* _What is required_: The answer must reproduce all of the data below exactly and contain no images.

* _Data segment_:
- Opening Delimiter -

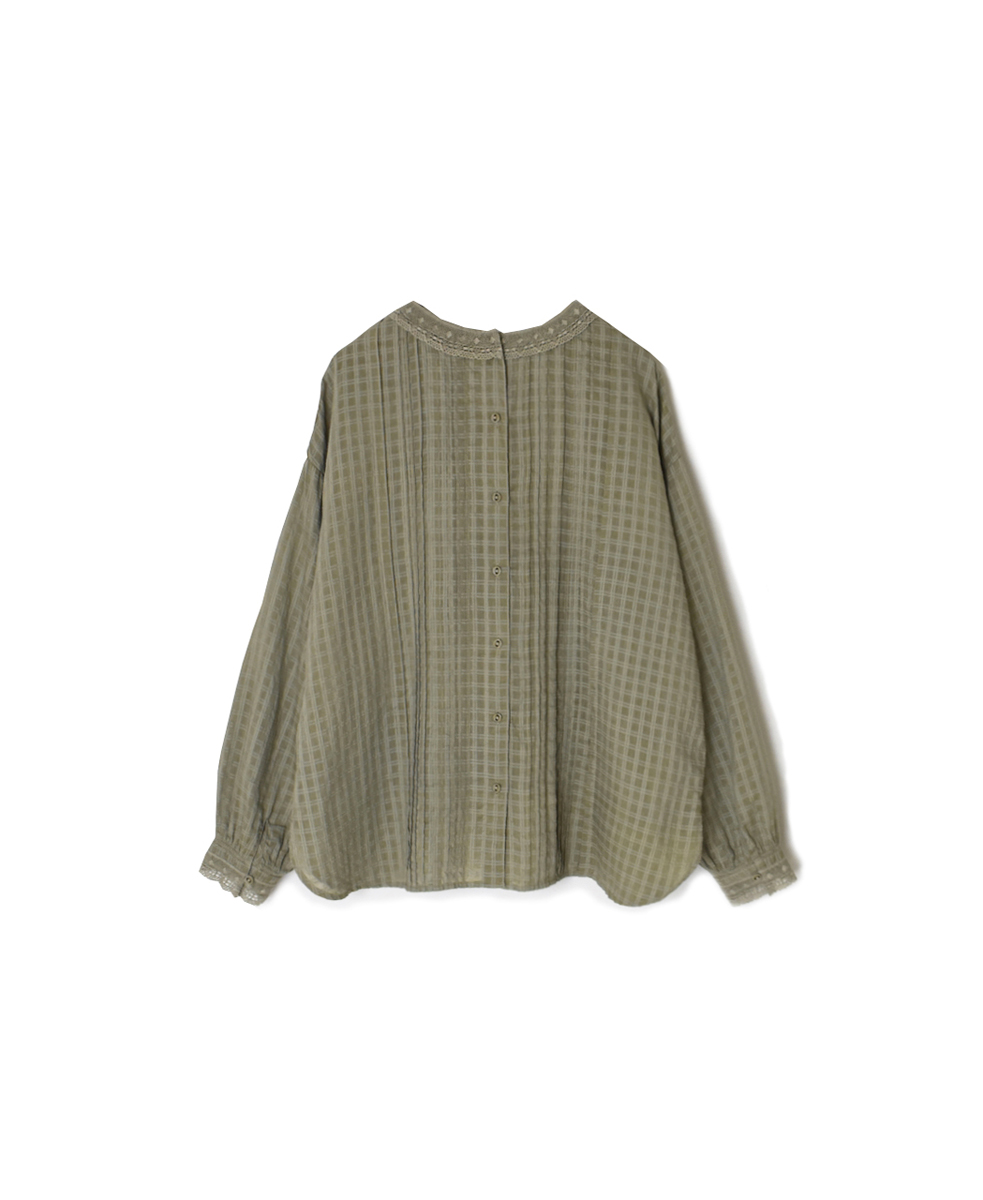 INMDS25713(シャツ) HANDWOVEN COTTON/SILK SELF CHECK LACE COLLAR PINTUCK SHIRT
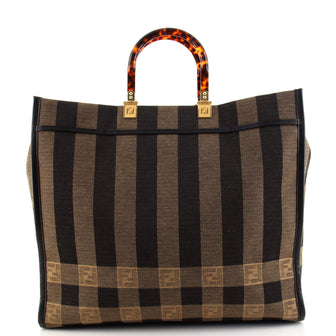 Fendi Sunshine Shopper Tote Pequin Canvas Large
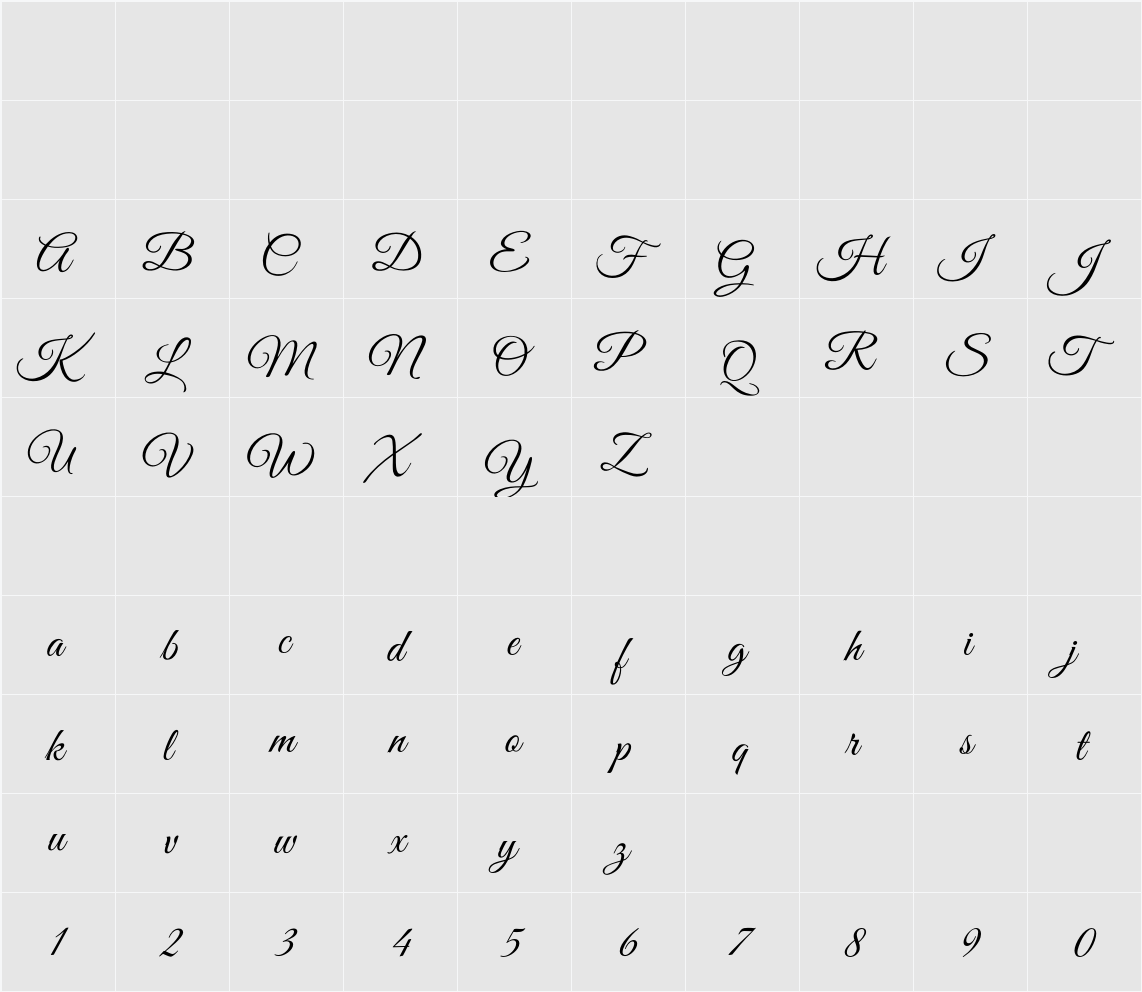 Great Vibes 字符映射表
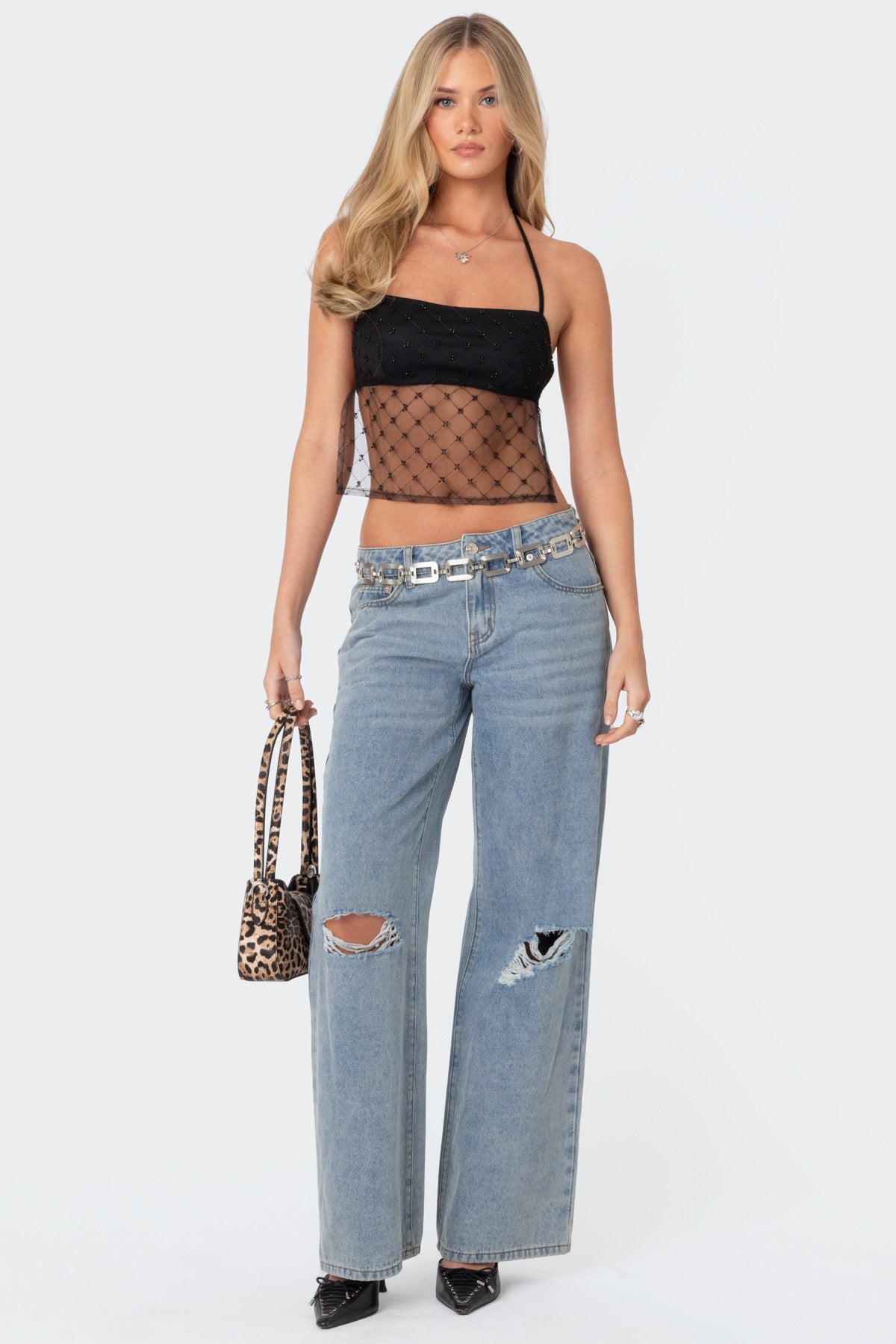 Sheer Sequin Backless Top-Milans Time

- Closing Delimiter -

* _Solution to this exercise_:
 INMDS25713(シャツ) HANDWOVEN COTTON/SILK SELF CHECK LACE COLLAR PINTUCK SHIRT
 Fendi Sunshine Shopper Tote Pequin Canvas Large
 Great Vibes 字符映射表
 Sheer Sequin Backless Top-Milans Time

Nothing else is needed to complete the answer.